もしも理想のパーティー構成に実力以外が考慮されなかったら?

雪月 桜

今度こそ本当に

「逃げて下さいぃぃぃっ!」

「リンネ!? お、お前なにやってんだよ!?」

「見ての通りですぅぅぅ!」

先程から、どこからともなく響いていた声の正体。

それは、俺がよく知る女神、リンネのものだった。

唐突に空から登場した理由も気になる所だけど、そんな疑問が些事と思える程の緊急事態が同時に進行している。

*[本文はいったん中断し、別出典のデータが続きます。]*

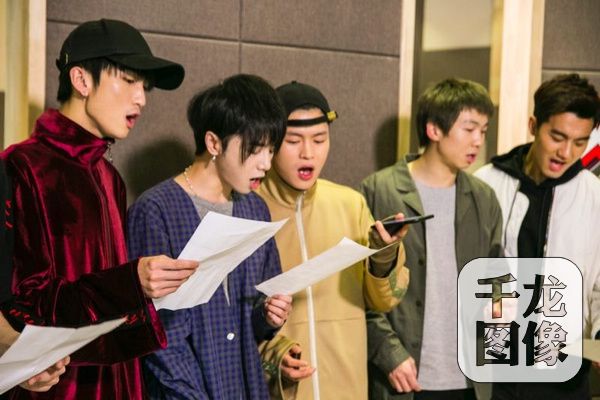 13快男齐聚录新歌 华晨宇带头怼宁桓宇--驻马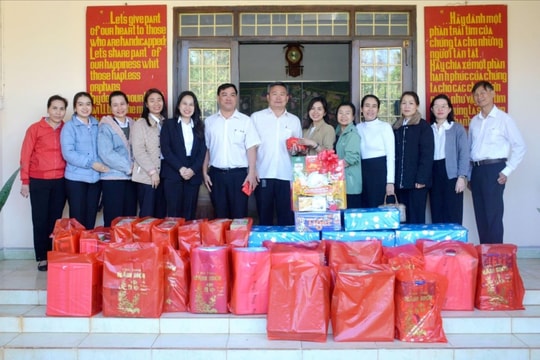 TAND tỉnh Gia Lai thăm, tặng quà tại Trung tâm bảo trợ xã hội tỉnh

「見て分かんねぇから聞いてんだよ、こっちは! つーか、止めろ!」

「どうやってですか!?」

「俺が知るかっ!」

そう、彼女は一人では無かったのだ。

とはいえ、その連れは人間という訳でもない。

何故か、彼女は大型のドラゴンの角に掴まり、振り回されるような形で姿を見せた。

「な、なんだ、あれは!?」

「なんで、こんな所にドラゴンが!?」

「お前ら! 無駄口を叩いてる暇があるなら手と足を動かせ! 気絶してる奴等を担いで、とっとと避難するぞ!」

「し、支部長! わ、分かりました!」

「総員! 我らも早急に、この場を離脱する! 負傷した団員の回収を急げ!」

「はっ!」

「私が殿しんがりを務める! お前は先行して安全に皆を誘導するのだ!」

「そんな……。いえ、了解しました! どうか、ご武運を!」

突然、現れたドラゴンに、場が騒然となり始めるが、ギルドと騎士団のトップにより、なんとか混乱は回避されたようだ。

しかし——、

「ぎゃあああ!? こっちくんなぁぁぁ!」

「だから、コントロールが出来ないんですってばぁ!」

何故かドラゴンに捕捉されてしまった俺は、全力で逃げ回る羽目に!

「は、ハルさん! いま助けますです!」

「ミルクはん、ちょいまち! お兄さん! しばらく、そのまま引き連れといて! 周りのモンスターが怯えて逃げてくから!」

「ムチャ言ってんじゃねぇぇぇ!」

確かに、蜘蛛くもの子を散らすようにモンスターが逃げて行ってるけども!

その前に、俺の命が散りそうなんだが!?

「おい、リンネ! お前、神様だろ! なんとかしろ!」

「白木さんも知ってるでしょう! 下界の私は特別な力が使えないんですよぉ!」

「くそったれがぁぁぁ!」

恐らく、これはリンネのギャグ体質による現象だと思う。

そもそも俺が狙っていた事でもあるしな。

実は、もちこに頼んだ用事というのは、教会にある女神像に体当たりをかまして、リンネを呼び出してもらう事だったのだ。

昨日、俺が女神像に叩き付けられた直後に、リンネは現れた。

だから、あの像を介してリンネを呼び出せるんじゃないかと考えた訳だ。

そこで、アイツの‘‘シリアスやると死ぬ病’’と、それに起因するギャグ体質を利用して、もしもの時の保険にしようとした。

だけど、まさか、こんな形で発現するとはな!

その後、俺は十数分に渡り、ドラゴンとリアル鬼ごっこに興じる事となる。

やがて、俺が力尽きて倒れる頃になって、ようやくドラゴンは去っていったのだった。

ちなみに、リンネも、そのまま連れ去られたけど、まぁ多分、心配ないだろう。

何だかんだで結局、俺も無事だった訳だし。